So, you allow the car to cool off for some time due to overheating. Moreover, you even take out the cap of the radiator to ensure the flow of water. But, instead of seeing a water flow, you’re now seeing white foam in radiator.
What could’ve caused this issue? And what should you do when there’s foam in radiator?
Well, leftover chemicals and airlocks can cause foaming in the radiator. And yes, the foaming of the radiator is an issue. But you shouldn’t worry as we’re here for you. In fact, we’ve even shown ways of fixing this issue in this article.
Moreover, we’ve discussed what leads to this problem in the first place. We’ve also instructed on what you should be doing to tackle this situation. Furthermore, there’s also an FAQ session in the end that’ll clear off most of your confusion about this problem.
So, what are you waiting for? Let’s jump right in.

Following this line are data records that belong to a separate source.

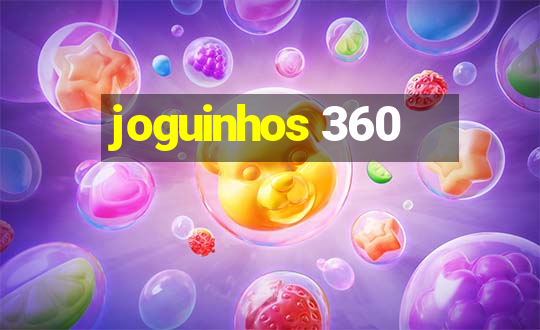 joguinhos 360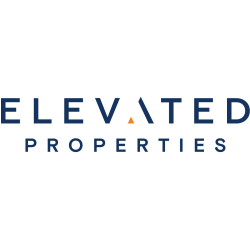 Elevated Properties - Steamboat Springs Vacation Rentals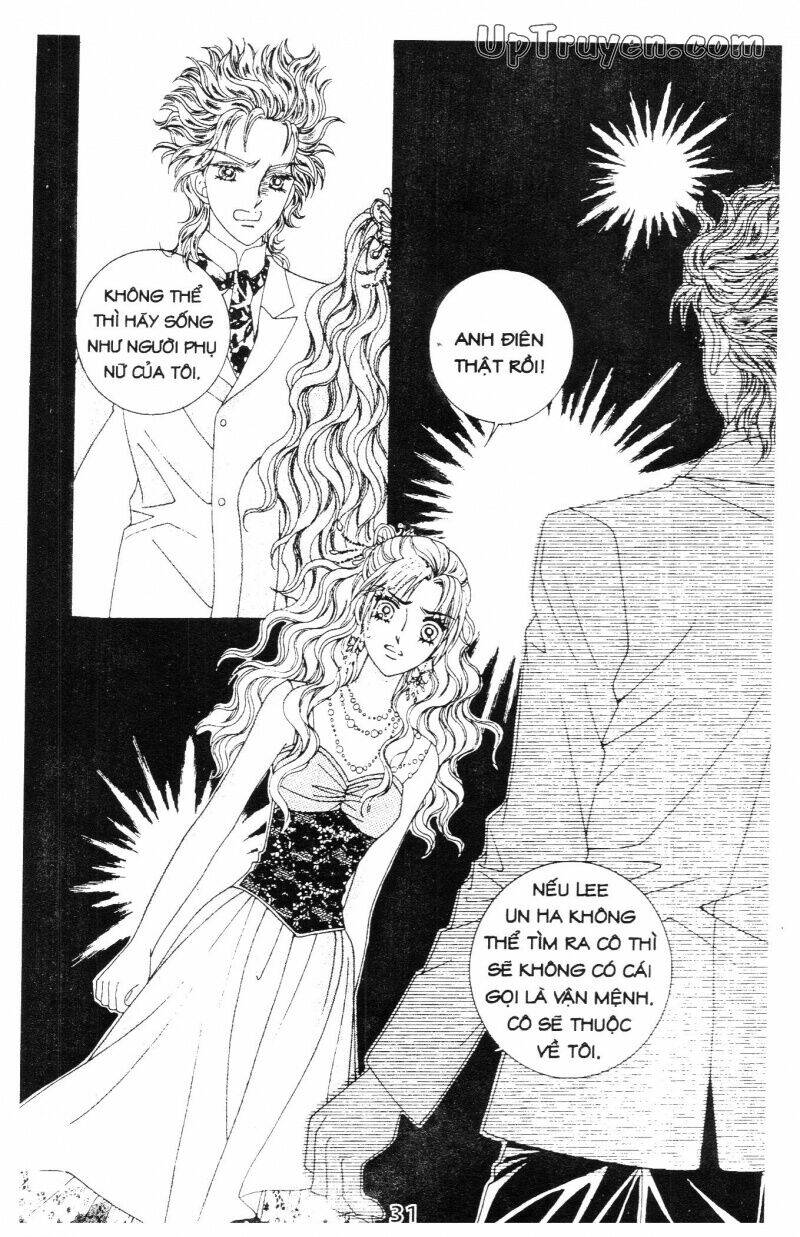 mặt nạ tình yêu chapter 92 32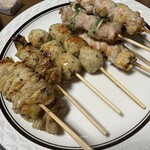 日本一 - 料理写真: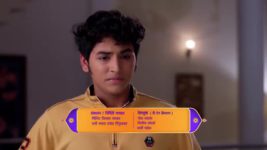 Pinkicha Vijay Aso S01 E472 Sushila Instigates Yuvraj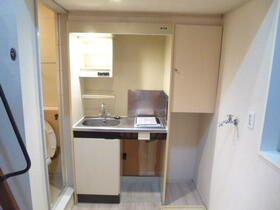 5/21 その他画像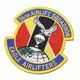 USAF C130 36SQ EAGLE AIRLIFT PATCH �٥륯���ʤ��ڥ���ꥫ���� ���Ĵ��� 36������ ͢������ �������ɥ����åڥ�ۥߥ꥿�꡼ ���Х��Х륲���� ���Х� �����ȥɥ� BDU ��Ʈ�� ���� ���� ���� �º� �����ץ� USAF ARMY �ե饤�� MA1 45�� 36�� yokota ���Ĵ��� ͢�� �ѥ����å� c130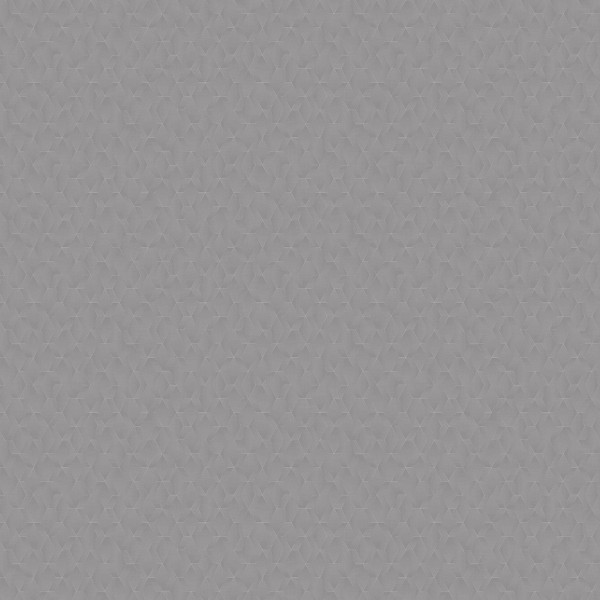 ARTS19 009_1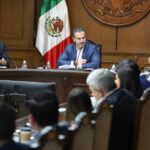 Aprueba Cabildo Regio asignación del Fortamun 2025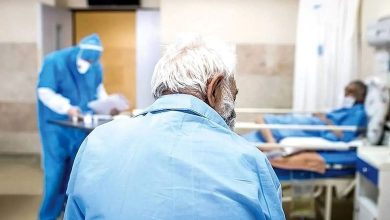 مشکلات بیمه تکمیلی بازنشستگان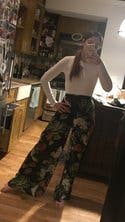 review thumbnail images 7
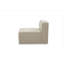 Allyssia Upholstered Accent Chair-453029144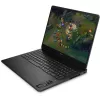 16-ap0192ng, Gaming-Notebook schwarz, AMD Ryzen 9 8940HX, NVIDIA GeForce RTX 5070, 16 GB DDR5, 1 TB (1 TB SSD), ohne Betriebssystem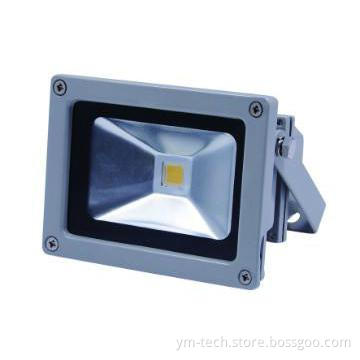 10W LED Flood light Confirmed CE ROHS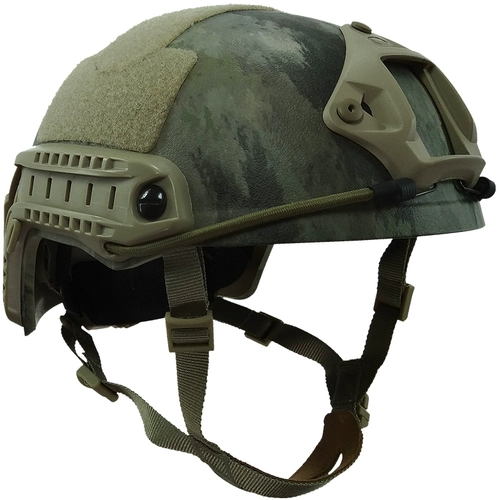 Wzjp без воров, Феникс, та же самая быстрое быстрое военное мини-и-ход тактика быстрого отклика бесплатная доставка.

What Causes Foam in Radiator Reservoir?
So, how can you identify the factors behind the foaming of the radiator? Is it the engine oil or is it a bad head gasket? Whatever the case is, if you have knowledge about the factors, you can take early precautions.
So, without further ado, let’s look at some of the factors that contribute to this problem:
● Cooling System Corrosion
At times, if you have a bad concentration of coolant with the corrosion, it can cause a problem in the radiator. This means if you add in a new coolant, it’ll still mix along the corrosions of the cooling system.
Hence, you need to make sure that you flush the system a lot of times until you see clear water. Otherwise, no matter how much new coolant you put in, it’ll still mix with the corrosion. And this will cause foam in radiator coolant.
● Worn Out Chemicals
When you purchase a coolant from the market, you’ll notice that it has an “anti-foaming” property in them. But still, why does it lead to foaming of the radiator?
Well, if the chemicals are worn out, they won’t work properly. Similarly, if the coolant’s foaming particles are worn out, it’ll contribute tofoam in radiator water.
● Less Concentrated Coolants
Yes, you heard it right. It’s important to have a good concentration of the coolant. But why is it so?
If you have less concentrated coolants, they’ll boil the water. As a result, the boiling of water will cause bubbles to form. This will eventually lead tofoaminess in the radiator.
● A Blown Up Head Gasket
Around 40% of the time, a blown-up head gasket is taken to be the main culprit of foams inside the radiator. If your gasket is blown up, it’ll cause a lot of problems. It can cause the leakage of gasses inside the coolant system as well.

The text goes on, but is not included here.